The Platte Canyon School Board held its regular meeting Oct. 14 at Deer Creek Elementary School.

The meeting included an encouraging update regarding the Platte Canyon Academies Program from Superintendent Mike Schmidt, a brief heads-up from Schmidt that challenging budget-related decisions are looming in the near future, and a particularly somber discussion about the immediate need for more mental health professionals and counselors within the district.

The PCAP was recently designed and launched with the goal of providing “exceptional, relevant educational experiences for all students, leading to 100 percent of graduates demonstrating college- and/or career-readiness.”

Additional purposes, goals and descriptions of the program include:

• Provide to students the opportunity to increase the depth and rigor of their education.

• Give students the freedom and flexibility to select which pathways they choose to experience and complete. This allows students to pursue their passions, creating increased student engagement.

• Allow students to choose from 14 pathways that delve deeper into specific, yet complementary, disciplines. Choices include a “Design Your Own” pathway.

• Give structure to a common PCSD preK-12 mission for our students.

• Create an additional structure through which students can demonstrate graduation proficiencies.

Schmidt reported that there was a reasonable amount of interest in every one of the 14 pathways offered, and that all but seven students (among all freshmen, sophomores and juniors at PCHS) were participating in Academies, currently outlining their interests and planning their academic and career paths.

As Schmidt has indicated in previous interviews with The Flume, PCSD has a decided advantage over larger districts because it can actually tailor its curriculum to meet the specific needs, goals and educational and career aspirations of each of its students.

The launching of the Academies obviously represents an important step toward realizing that goal, and early indications are that the program is immensely popular with students and parents alike.

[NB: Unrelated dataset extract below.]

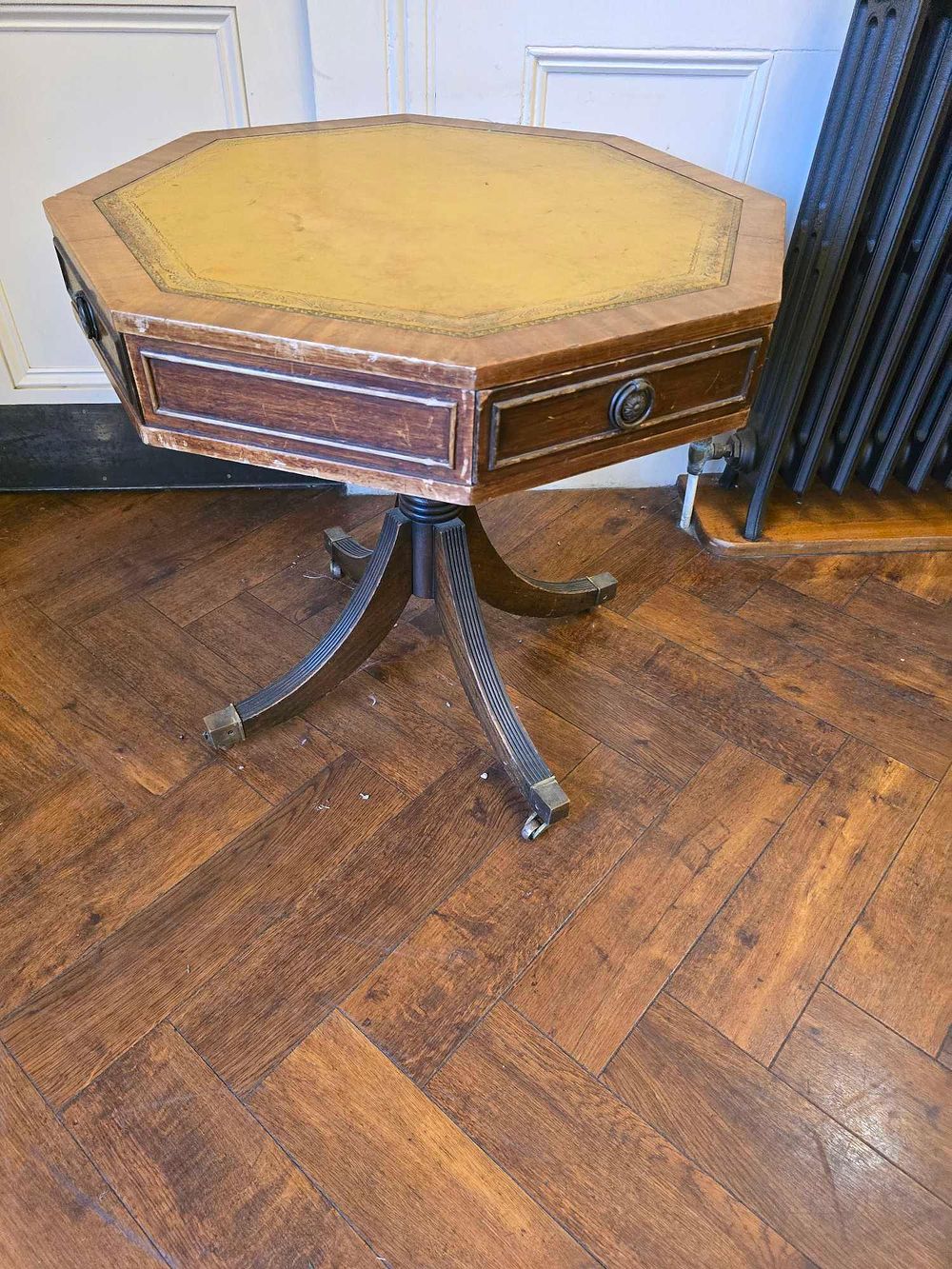 Lot 2183: * A Regency style mahogany octagonal drum table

Also, as part of the district information and discussion portion of the meeting, Schmidt relayed good news pertaining to student enrollment, as well as teacher and staff retention across the district.

“Enrollment is slightly higher than was originally projected, and staff retention looks very good,” Schmidt said. “I think our increased compensation and incentive program has helped, and staff engagement has been very positive.”

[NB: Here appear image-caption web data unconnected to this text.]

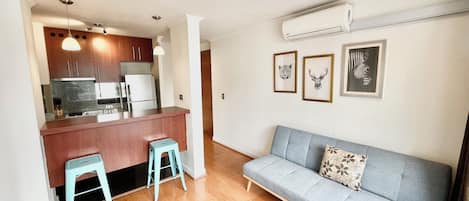 A compact living space with a kitchenette, a sofa, and a dining area with stools.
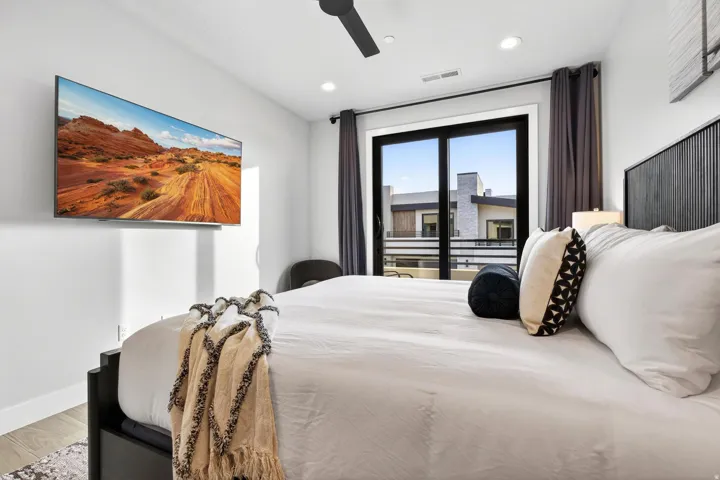 Hardwood-style flooring, recessed lighting, ceiling fan, and a built-in wall-mounted television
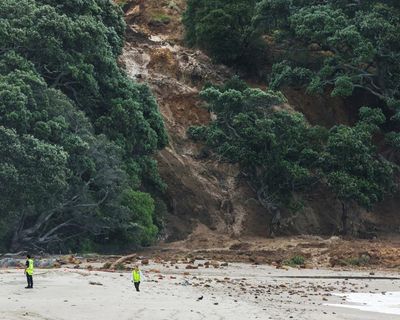 Two dead and six missing after landslides hit house and campground in New Zealand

In addition to recent salary increases, more than 150 employees also recently received bonus and incentive pay anywhere from $70 to $300 as part of a new initiative to reward, retain and attract high-quality teachers and staff within the district.

Those uplifting notes were followed by Schmidt’s rather somber announcement that there was an immediate need for an additional part-time counselor at DCE, as well as his explanation as to why additional help was necessary.

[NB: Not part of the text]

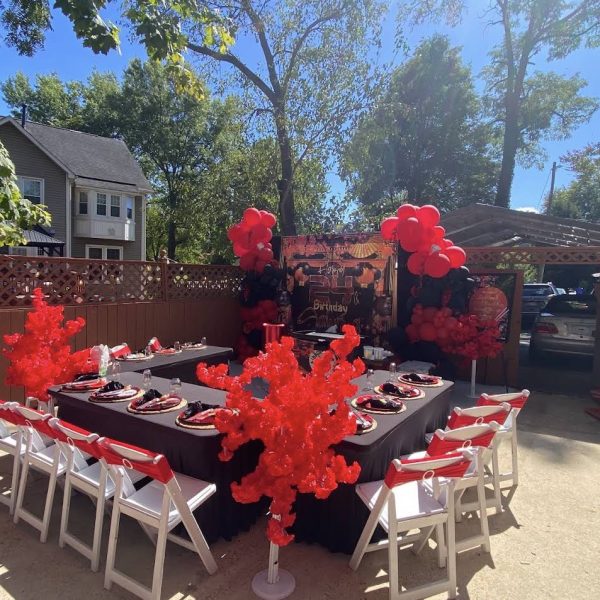 Hibachi party table setup in a sunny backyard, ready for guests in Brandon, Florida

“Emotional issues among students at Deer Creek are increasing,” Schmidt said. “There is a need for more sex education, and suicide risks are reportedly also increasing. We are not alone. We are seeing these same problems everywhere.

“Our current staff of counselors says they are simply having trouble handling the workload. So we need support there that is within our budget structure, and we need to be proactive because the need for that support is immediate.”

According to Schmidt, staff compensation remains a top priority. But he warned that critical decisions and collectively prioritizing the district’s values from a budgetary perspective would become necessary, and challenging, in the very near future.

Board member Joe Burgett, who serves as a first-responder in his role as chief of the Platte Canyon Fire Protection District, gave a somewhat chilling personal account regarding his knowledge of suicide rates in Park County.

“If we do not address these issues as a society, we might see declining enrollment numbers due purely to suicides,” Burgett said. “I would absolutely vouch for a blown budget if that’s what’s required to find mental health care for these students.”

During the public comments portion of the meeting, a district employee also added a plea for more counselors and suicide prevention measures throughout the district.

“I lost a brother to suicide, and I have a child who has admitted to having suicidal thoughts,” she said. “Times are changing, and we have to be aware of that and go forward with more clubs, training and counseling. I would gladly give up part of my own salary if it would help to address these issues.”